Поклонники Марины Ивановны почему-то с некоторым снисхождением относятся к цветаевским «пражским деревенькам», считая их в эмигрантском периоде поэтессы неким промежуточным мостиком между Берлином и Парижем. Но это не так, далеко не так. Жизнь в чешской глубинке (а это более трёх лет – с осени 1922-го до зимы 1925 года) закалили Цветаеву и… успокоили. Цветаева до и Цветаева после, по сути, совсем другой человек и поэт – более самостоятельный и достаточно сильный. И в жизни, и в творчестве потихоньку исчезают наивно-сентиментальные нотки, уступив место мудрости, строгости жанра и меткости пера. И ничего удивительного в том, что жизнь великой поэтессы в деревнях близ Праги позже назовут «болдинской осенью» Марины Цветаевой.
Скажу больше: чешская деревенская глушь, обострив её и без того обострённые чувства, явилась своего рода огранкой бесценного дара, превратив его почти в гениальный. Когда поэтесса перебралась в эмигрантский Париж, для бывших соотечественников это показалось явлением: миру во всей красе и великолепии предстал изумительный по чистоте и исполнению поэтический бриллиант по имени «Марина Цветаева».
Что же это за глушь, так много изменившая в судьбе Цветаевой? Какая она, пражская деревня, успокоившая метавшуюся душу великого Поэта? Задав себе эти вопросы, я отправился в Прагу, чтобы в окрестностях знаменитой чешской столицы лицом к лицу встретиться с той самой деревней, где более года проживала семья Марины Цветаевой. Имя её – Вшеноры.
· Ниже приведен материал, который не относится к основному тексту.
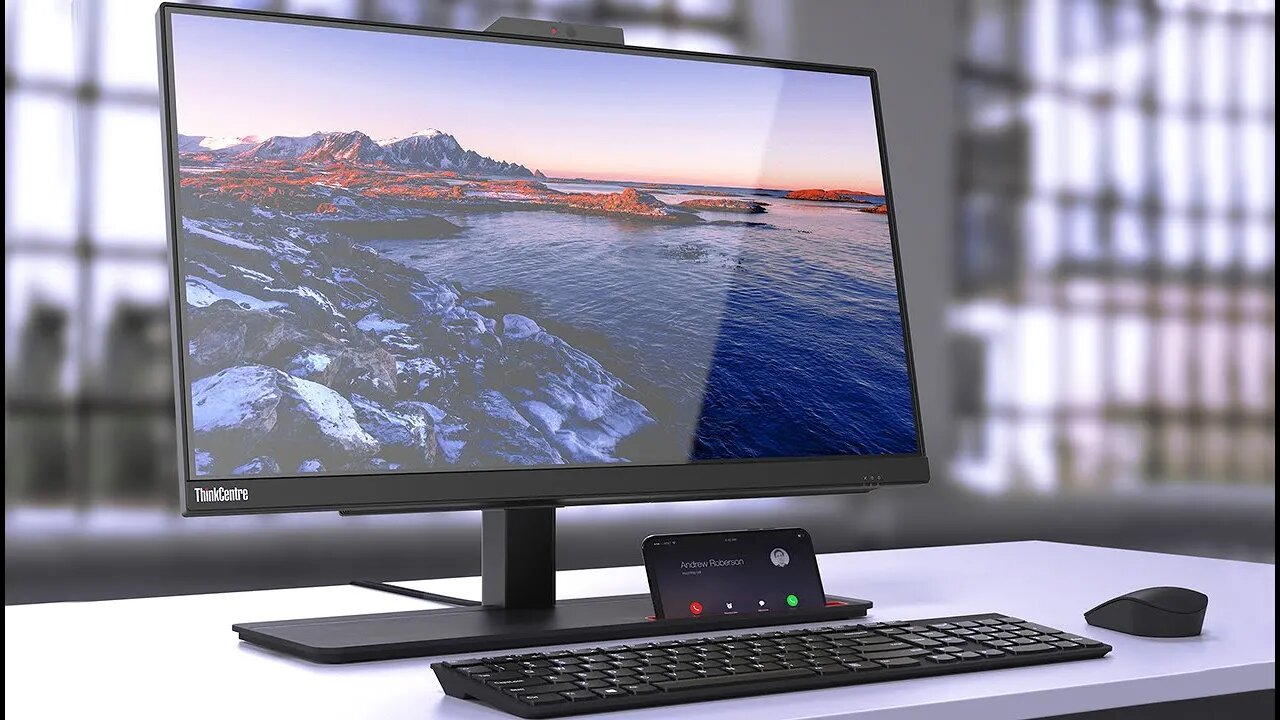 TOP 5 BEST ALL-IN-ONE COMPUTERS 2023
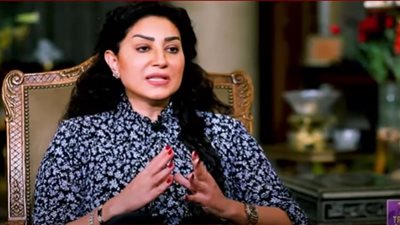 فيديو.. وفاء عامر: 
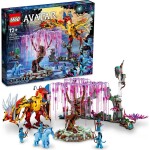 LEGO® Avatar 75574 Toruk Makto Strom duší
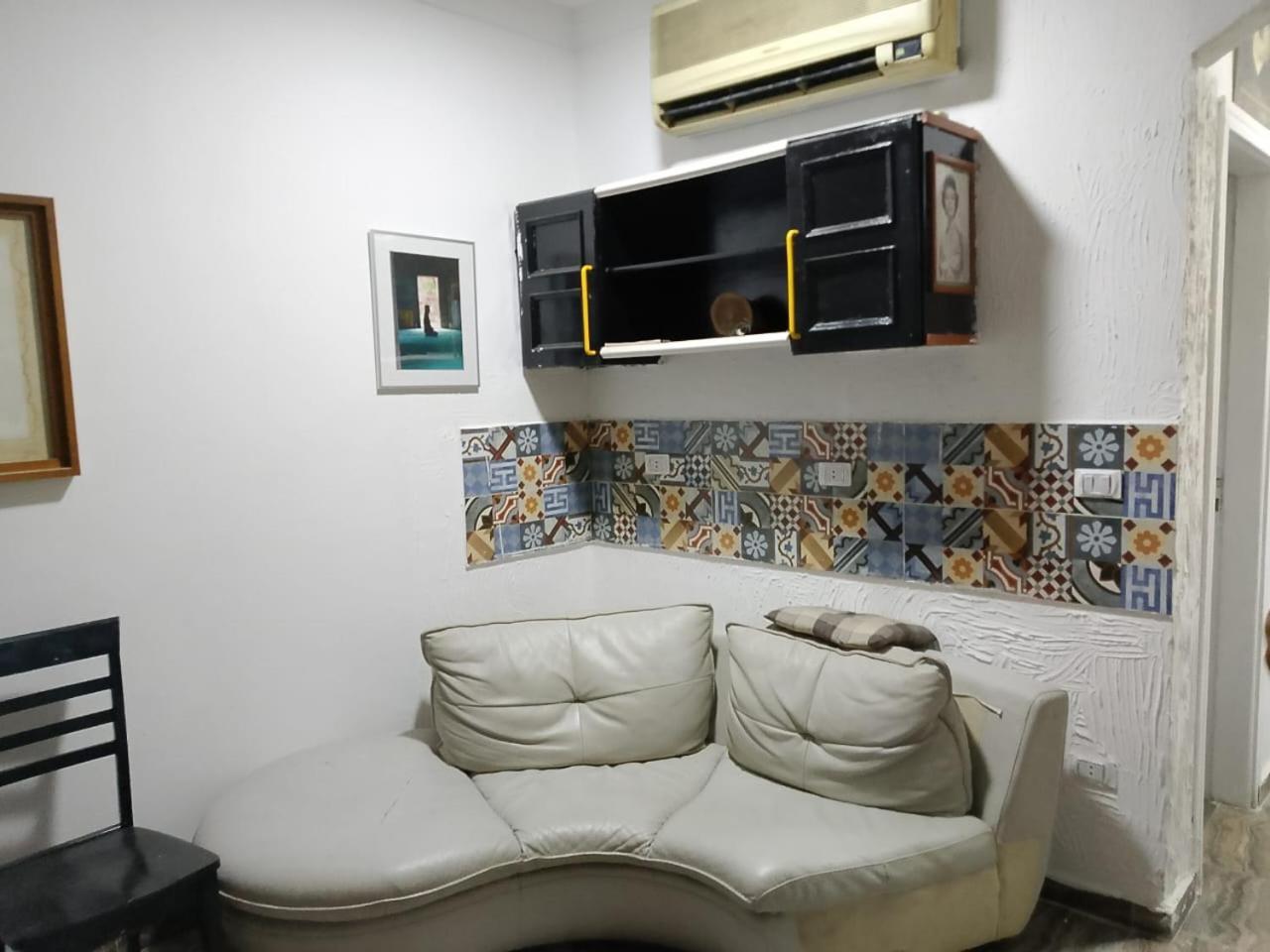 Charming Crib Pool Gym Apartament Hurghada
Даже не зная чешского языка, на пражском железнодорожном вокзале легко сориентироваться: удобно размещённое недалеко от касс огромное табло позволяет без труда узнать и название электрички, и номер платформы, и время отправления.
Состав тронулся тютелька в тютельку – в десять ноль две, как, видимо, у них и положено. Несмотря на обычный вид, внутри вагон электрички оказался двухуровневым; а если учесть небольшую промежуточную площадку с сиденьями, получается, что уровней этих чуть ли не все три. Что и говорить, это вам не «Москва-Петушки».
Народу немного – чешская семья из трёх человек, какой-то дачник и я. На первой остановке за мостом через Влтаву в вагон заходит пожилая женщина. Тяжело дыша астматической грудью, она занимает место напротив меня. Пока размышлял, не заговорить ли с дамочкой о русской поэтессе Цветаевой, как вошли контролёры и, приветливо улыбаясь, принялись проверять проездные билеты. Когда дошли до моей соседки, та что-то быстро затараторила, но из всей неразберихи ухо уловило лишь пару знакомых фраз – «данке шён» и «гутен морген». Понятно – немка. Жаль, не поговоришь, ибо мои познания языка Гёте и Шиллера как раз и ограничиваются фразами, сказанной вежливой немкой местным контролёрам.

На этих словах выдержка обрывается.